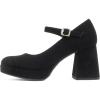 Black Nubuck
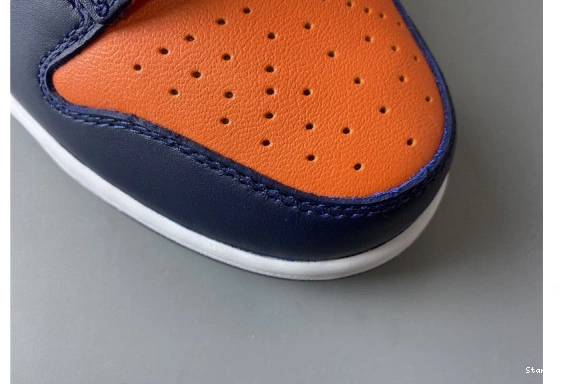 (2020) Nike Low Dunk Colors Champ  CU1727-800 1120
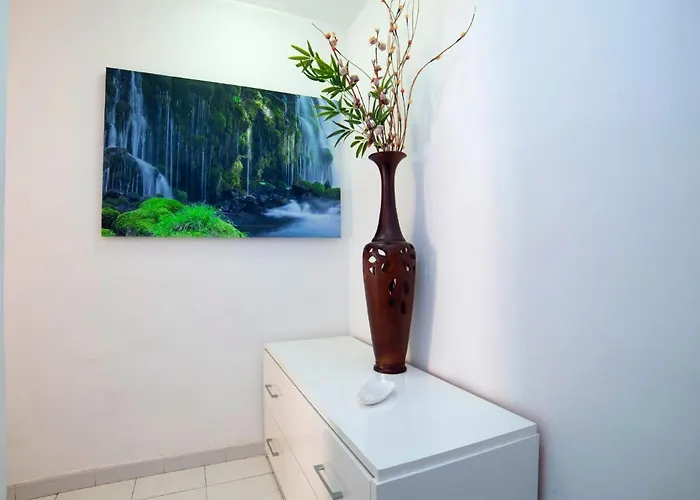 Playsol-2 By Interhome 아파트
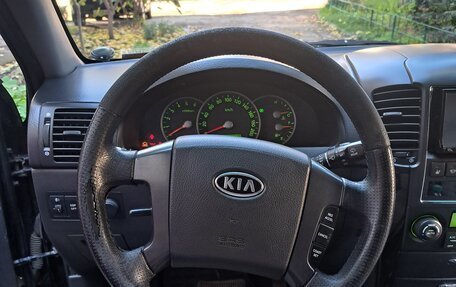 KIA Sorento IV, 2007 год, 950 000 рублей, 10 фотография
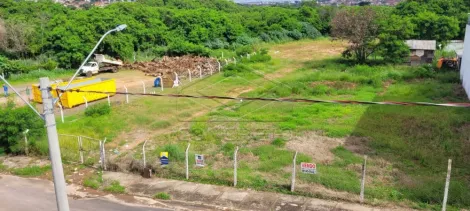 Excelente terreno - Centro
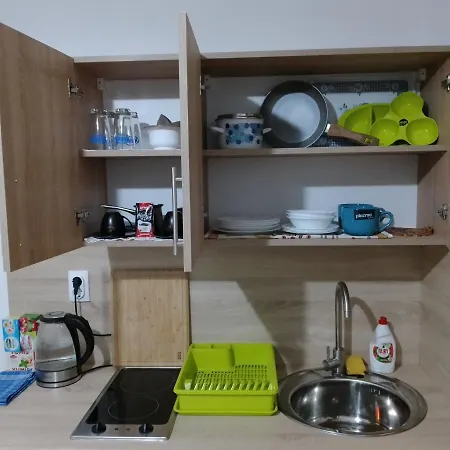 Train's Friends * Mokra Gora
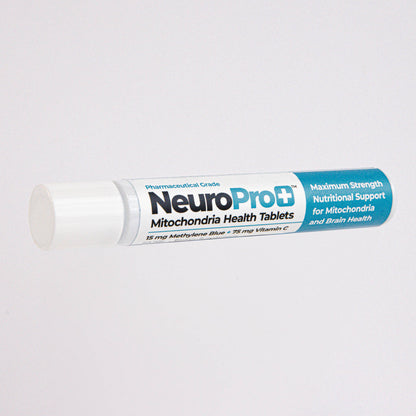 Doctor Rogers NeuroPro+ - Brain & Cognitive Support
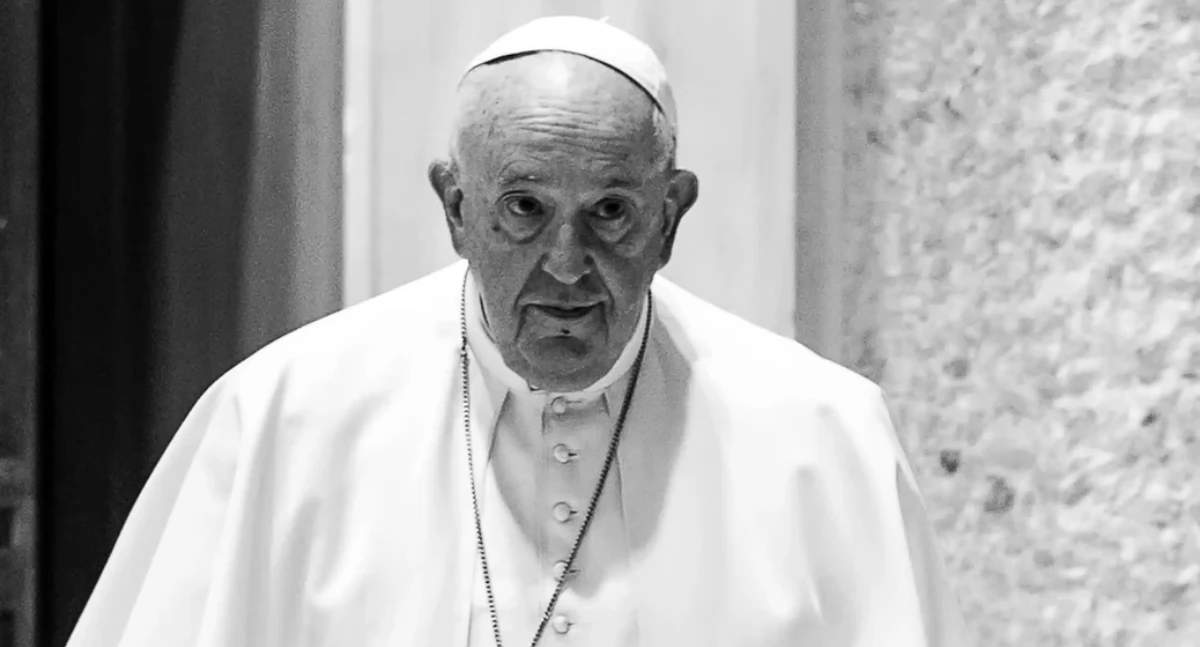 Zmarł papież Franciszek – koniec pontyfikatu jednej z najbardziej wpływowych postaci Kościoła katolickiego 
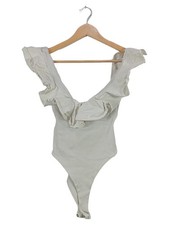 Body donna ZARA taglia M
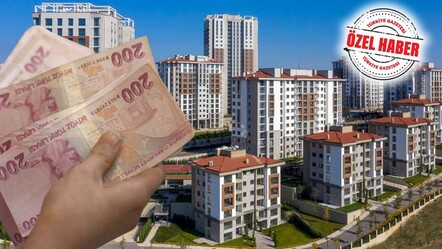 En fazla bu şehirlerden konut alanlar kaybetti! Dikkat çeken ‘büyükşehir’ ve ‘sahil’ detayı! - emlak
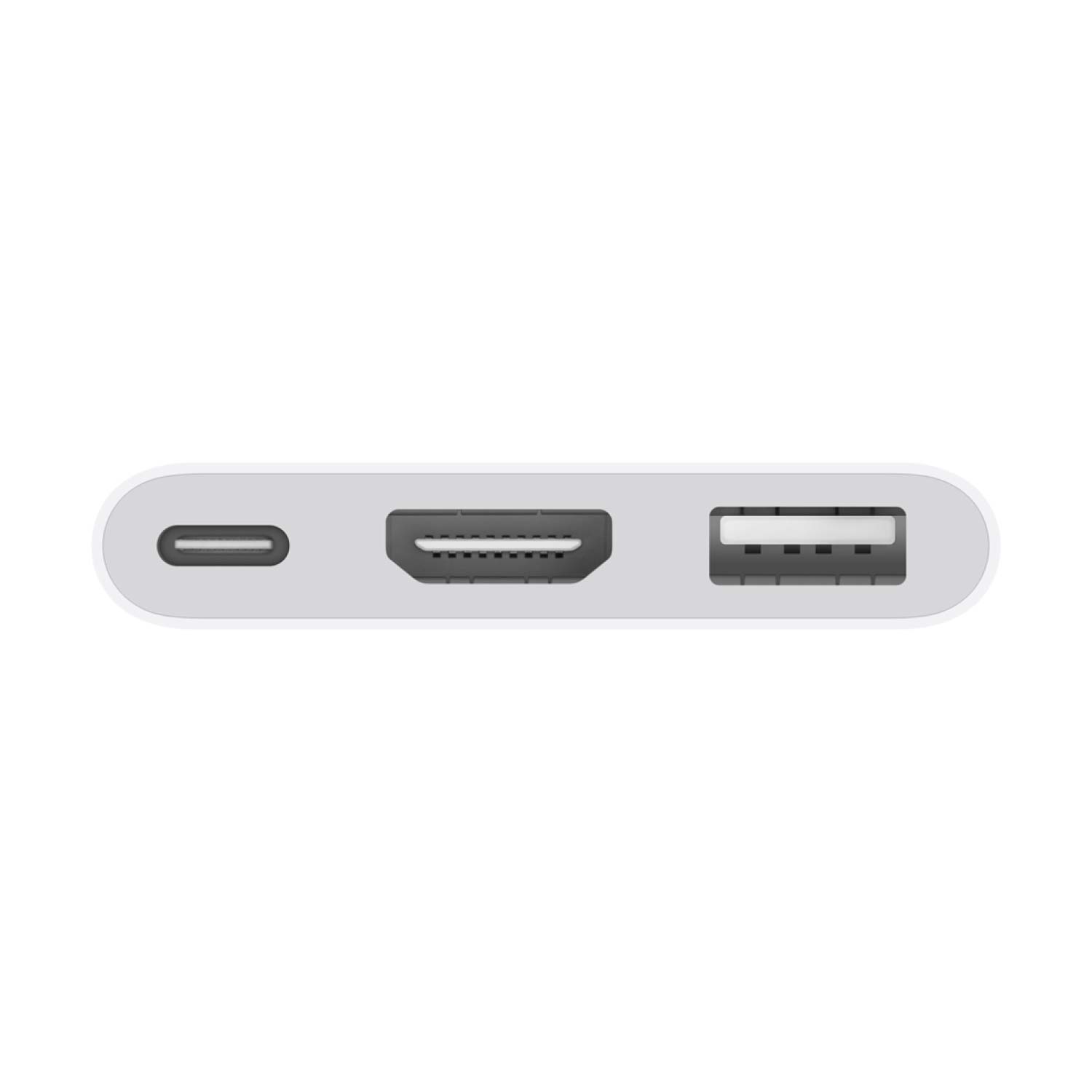 Apple USB-C Digital-AV Multiport Adapter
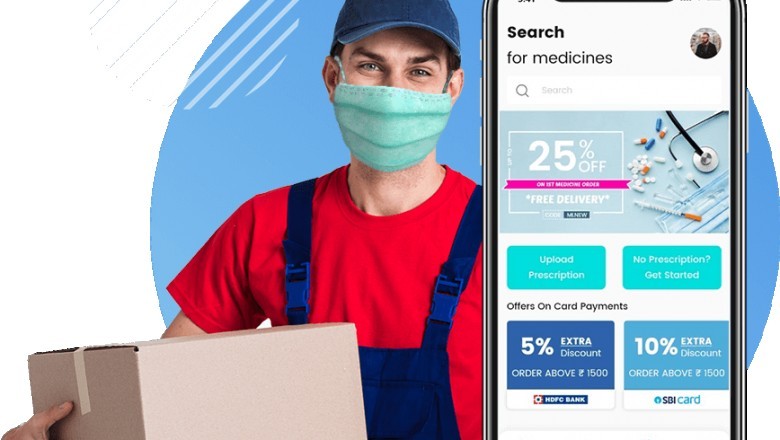 The extensive checklist for developing an on-demand medicine delivery app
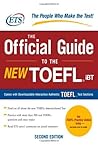 The Official Guide to the New TOEFL iBT with CD-ROM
━━━━━━━━━━
## YOUR TASK
Set down the entries above again exactly, minus any image.

## OUTPUT OF THE TASK
 Black Nubuck
 (2020) Nike Low Dunk Colors Champ  CU1727-800 1120
 Playsol-2 By Interhome 아파트
 KIA Sorento IV, 2007 год, 950 000 рублей, 10 фотография
 Excelente terreno - Centro
 Train's Friends * Mokra Gora
 Doctor Rogers NeuroPro+ - Brain & Cognitive Support
 Zmarł papież Franciszek – koniec pontyfikatu jednej z najbardziej wpływowych postaci Kościoła katolickiego 
 Body donna ZARA taglia M
 En fazla bu şehirlerden konut alanlar kaybetti! Dikkat çeken ‘büyükşehir’ ve ‘sahil’ detayı! - emlak
 Apple USB-C Digital-AV Multiport Adapter
 The extensive checklist for developing an on-demand medicine delivery app
 The Official Guide to the New TOEFL iBT with CD-ROM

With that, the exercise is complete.